Seharusnya, pembangunan di lokasi ini dilarang demi kelancaran penanggulangan bencana. Peraturan ini tidak saja wajar namun perlu menilik letak desa ini yang tepat di lereng Gunung Merapi Yogyakarta. Kabarnya, Bupati Sleman Sri Purnomo telah mengkonfirmasi bahwa Dinas Pekerjaan Umum Perumahan dan Kawasan Pemukiman (DPUPKP) sudah menyerahkan Surat Peringatan I ke pihak pengelola. Kalau hingga Surat Peringatan III tidak terdapat respons, maka lokasi wisata ini akan diblokir secara paksa. Sri Sultan pun menyetujui penutupan tempat wisata andai dinilai memang perlu. Sebenarnya masih tidak sedikit wisata gunung merapi yang berada di area tersebut laksana museum gunung merapi tetapi lokasi tersebut didirikan diatas lahan yang sudah mengisi aturan.
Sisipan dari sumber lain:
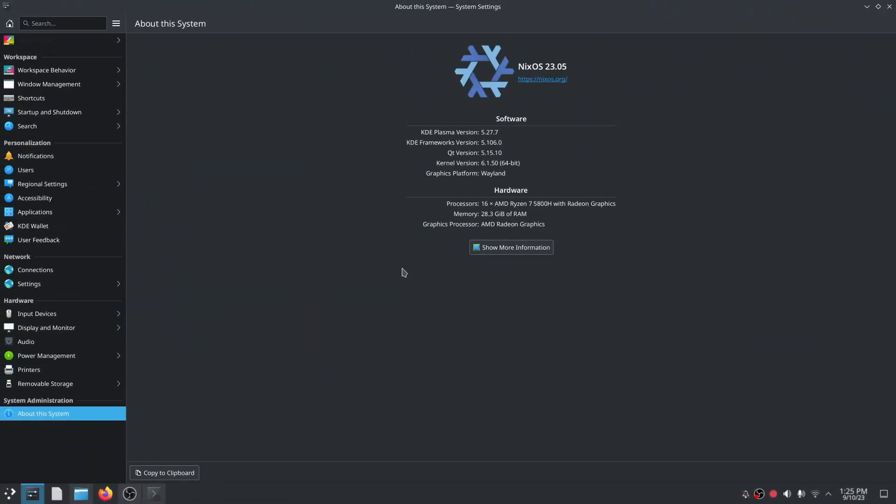I've previously done videos on NixOS where I've shown you how to install an app store, how to change the GUI, how to do other additional settings, and all of these require some intimate knowledge of editing the configuration.nix file, at least until what I've shown you today.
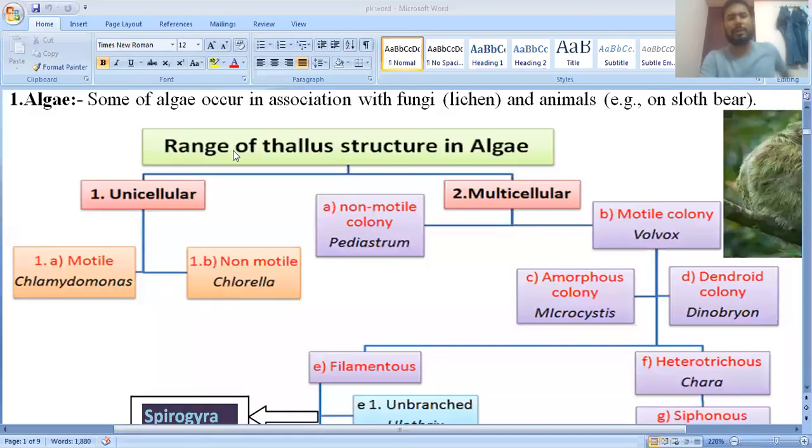In the last video we discussed about the reproduction of algae. In this video we will discuss about the different thallus structures of algae, meaning the range of thallus structure in algae.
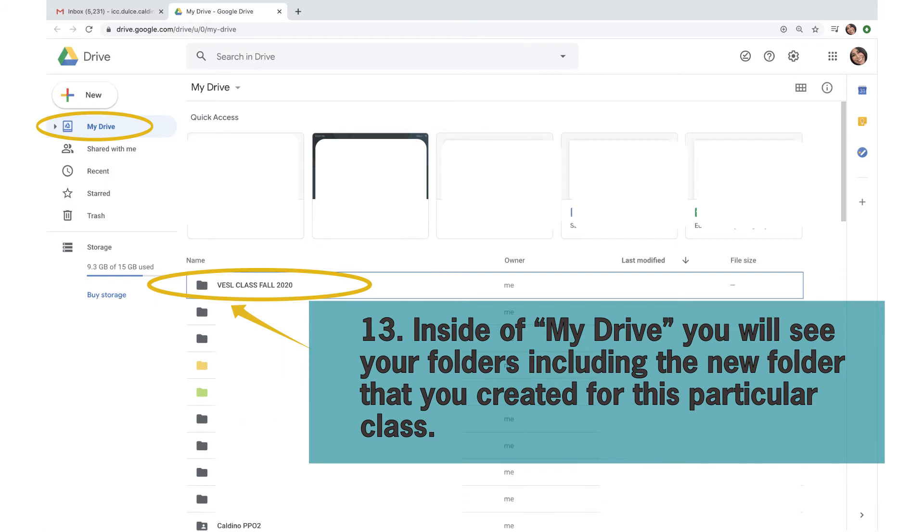Inside of My Drive, you will see your folders, including the new folder that you created for this particular class.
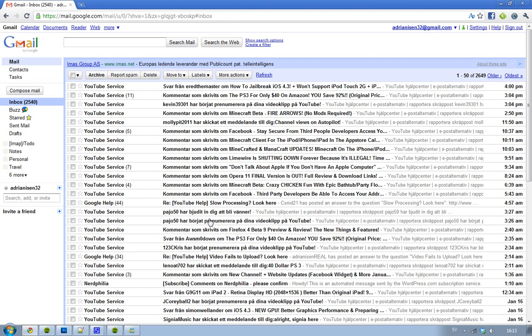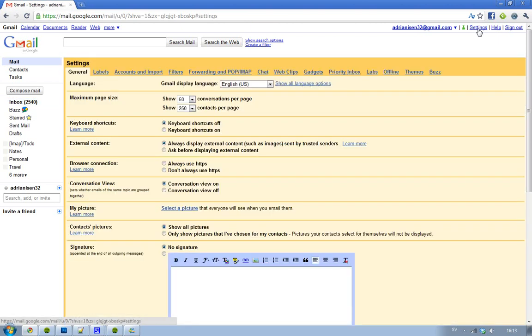So the first thing you want to do is go to your Gmail inbox and then you just want to hit this settings button. And then you want to go to Labs.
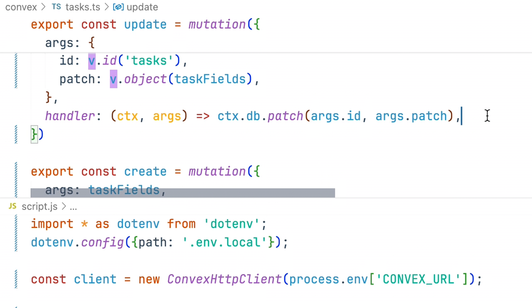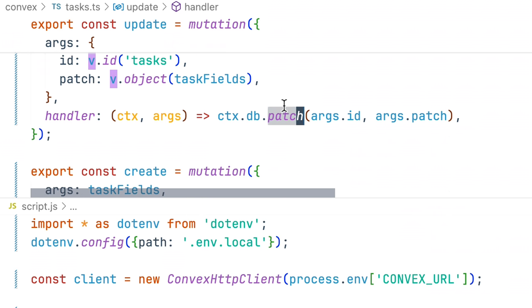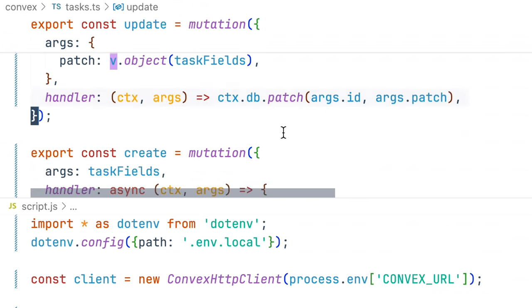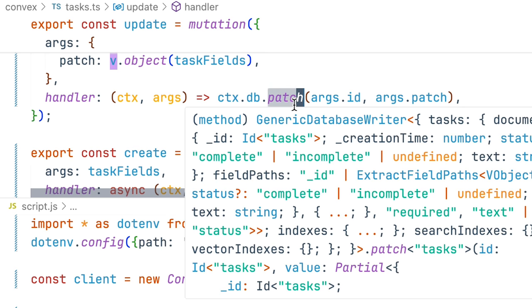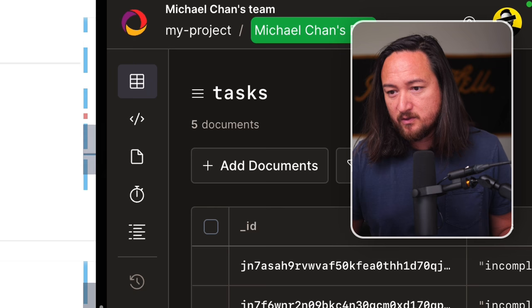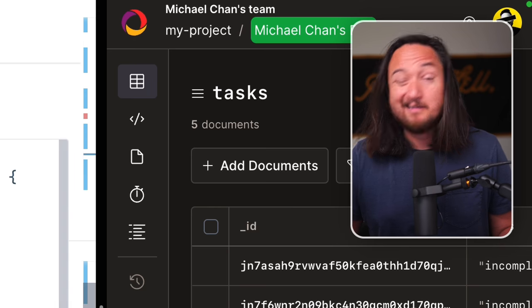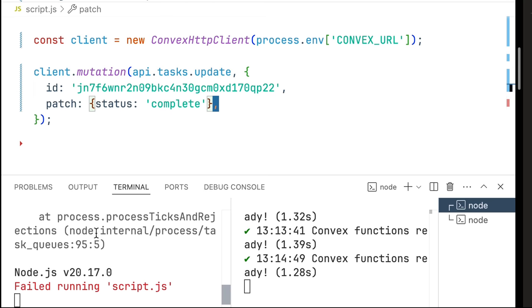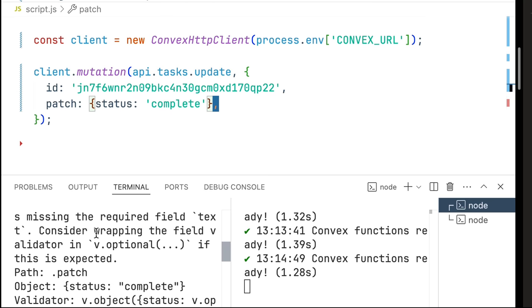Now there are two methods we can use: patch and replace. I'm not sure that I would ever use replace. Replace will put nulls in any of the unprovided fields so that seems like not something that I ever want to do. Now when we run this we do get an error somewhere in here. I know it's all kind of big but it's saying that the text is required and we're obviously not passing it in in our patch.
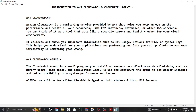Greetings and Assalamu Alaikum everyone, hope you all are doing great and welcome to another video. In this video I'm going to show you the implementation of CloudWatch and CloudWatch Agent, but first we have to cover its theory.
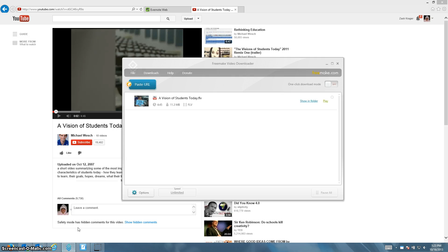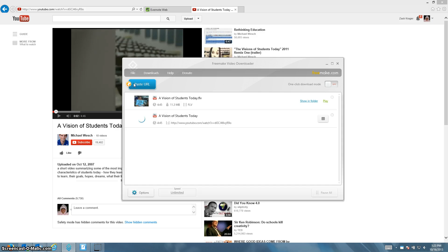Then come back to the Freemake Video Downloader and where it says paste URL, just go ahead and click. And it should paste in the URL for the video that you're looking to capture.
Tempat ini kini masih sepi pengunjung sebab belum terlalu tidak sedikit yang tahu. Kalau hendak melihat-lihat, usahakan kunjungi lokasi ini segera sebelum menjadi lebih ramai. Apalagi, dapat saja The Lost World Castle ini akhirnya justeru tidak jadi buka sebab kendala perizinan tadi.